(2018) Biographical Drama (Goldwyn) Matt Smith, Marianne Rendón, John Benjamin Hickey, Brandon Sklenar, Tina Benko, Mark Moses, Carolyn McCormick, Thomas Philip O’Neill, Mickey O’Hagan, Anthony Michael Lopez, McKinley Belcher III, Brian Stokes Mitchell, Karlee Perez, David J. Cork, Kerry Butler, Hari Nef, Robert George Siveris, John Bolton, Christina Rouner. Directed by Ondi Timmoner
There are figures in popular culture that loom large, directly or otherwise, in the national psyche, but for one reason or another we don’t really know much about them well, other than what our own personal prejudices tell us about them. One such is Robert Mapplethorpe.
His name still evokes powerful feelings among many today. Some see him as an artistic genius, one who pushed boundaries on male sexuality and the male body. Others see him as little more than a pornographer, a gay man whose work epitomized the bathhouse scene of New York in the 70s and 80s. His work was so controversial that it was the first (and to date only) exhibition to ever cause the gallery owner displaying it to be arrested on obscenity charges.
This biopic, helmed by able documentary filmmaker Timmoner, stars Matt Smith (roaming much further from Doctor Who than even Gallifrey) in the title role. We see him as a member of the ROTC at Pratt Institute, just before dropping out and moving to Greenwich Village in the 1970s, where he would take up with legendary punk goddess Patti Smith (Rendón) who was then a struggling musician. The two carried on a brief romantic relationship but it soon became obvious that young Robert swung for the other side. Eventually his relationship with gallery owner Sam Wagstaff (Hickey) would lead to him being championed by Wagstaff and his work to be discovered.

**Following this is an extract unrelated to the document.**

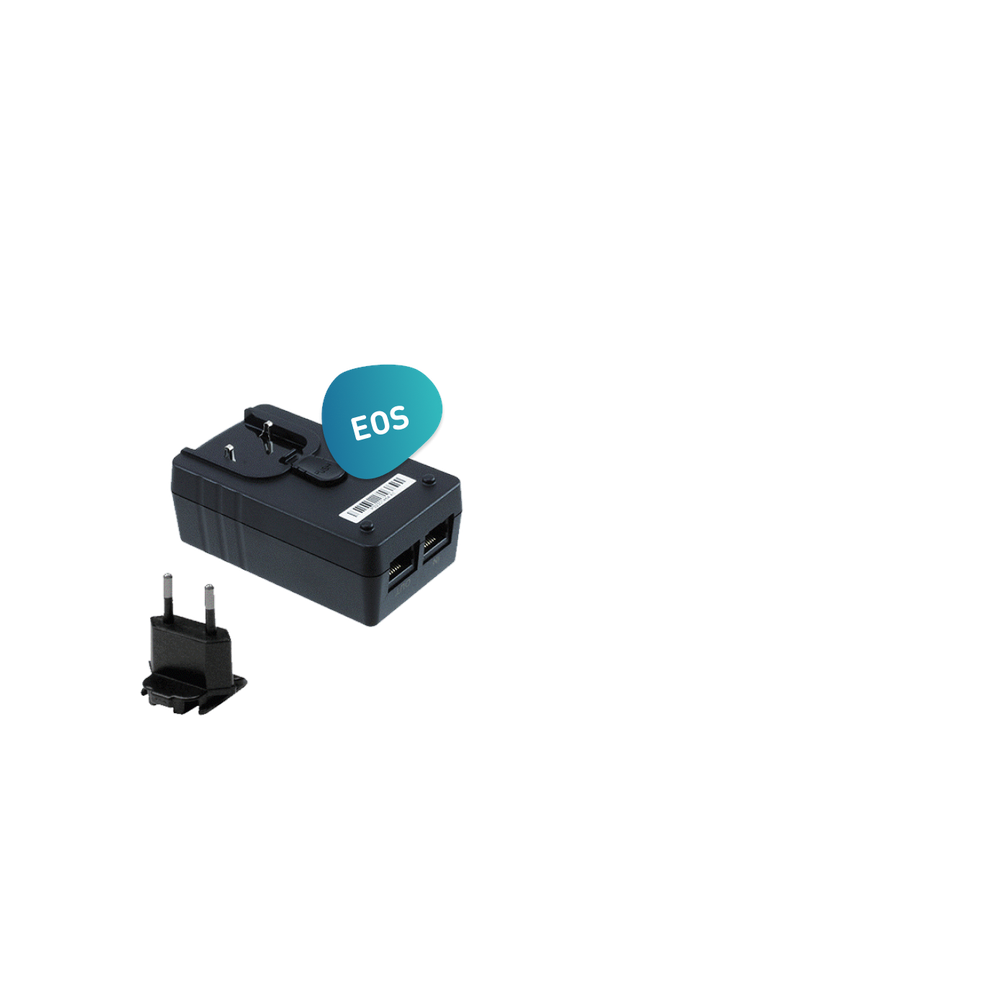 Snom A5 – EoS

This isn’t a very flattering portrait of Mapplethorpe, who here is portrayed as someone who habitually used people and discarded them when they were no longer of use to him – including his own brother. He spent most of his life trying to catch the brass ring and when he finally did, found that it didn’t bring him any more happiness than chasing it did.
Smith is wonderful here, inhabiting his role admirably. The thing with biopics that most viewers, nearly all critics and quite a few filmmakers seem to never understand is that except in very rare cases, the actor’s job is not to portray the subject as they are/were, but as the audience thinks they should be/have been – after all, the audience likely never met Mr. Mapplethorpe or know anyone who did. We have only what we read about him (assuming we’ve read anything about him) or heard abut him or, more to the point, what we think about him. We think of Mapplethorpe as a gay man who was obsessed with male genitalia and homoerotic images; we are given a Mapplethorpe who is just that. So in that sense, Smith is entirely successful.
The movie covers some of the bases here; the effects of his strict Catholic upbringing, his contentious relationship with his father, the estrangement from his brother and so on. Timmoner doesn’t really get us too far into Mapplethorpe’s head; we rarely know what he’s thinking, although to be fair, Mapplethorpe played his opinions pretty close to his chest when he was aiive.
What is more disappointing is that the movie feels choppy and fragmented. There’s no flow to the film, no fluidity. Instead, we move from one set piece to the next, almost as if each scene was directed by someone completely different. It leaves you feeling like the film was directed by committee.
The film was originally released in 2019 without making much of an impression so I’m not exactly sure if anyone was calling for a director’s cut of the film. 12 minutes of additional scenes are added to the movie, which doesn’t really improve the film any. It just means you have to sit through twelve more minutes of it. The expanded edition is available on Hulu and Amazon Prime; most of the others have the original theatrical version.
REASONS TO SEE: Matt Smith loses himself in the role.
REASONS TO AVOID: Fragmented and overly long and ponderous.
FAMILY VALUES: There is plenty of profanity, sexuality and nudity, adult themes and drug use.
TRIVIAL PURSUIT: Mapplethorpe’s mother passed away three days after her son did.
BEYOND THE THEATERS: Amazon, AppleTV, Fandango Now, Google Play, Hoopla, Hulu, Kanopy, Vudu, YouTube
CRITICAL MASS: As of 4/17/2021: Rotten Tomatoes: 33% positive reviews; Metacritic: 44/100.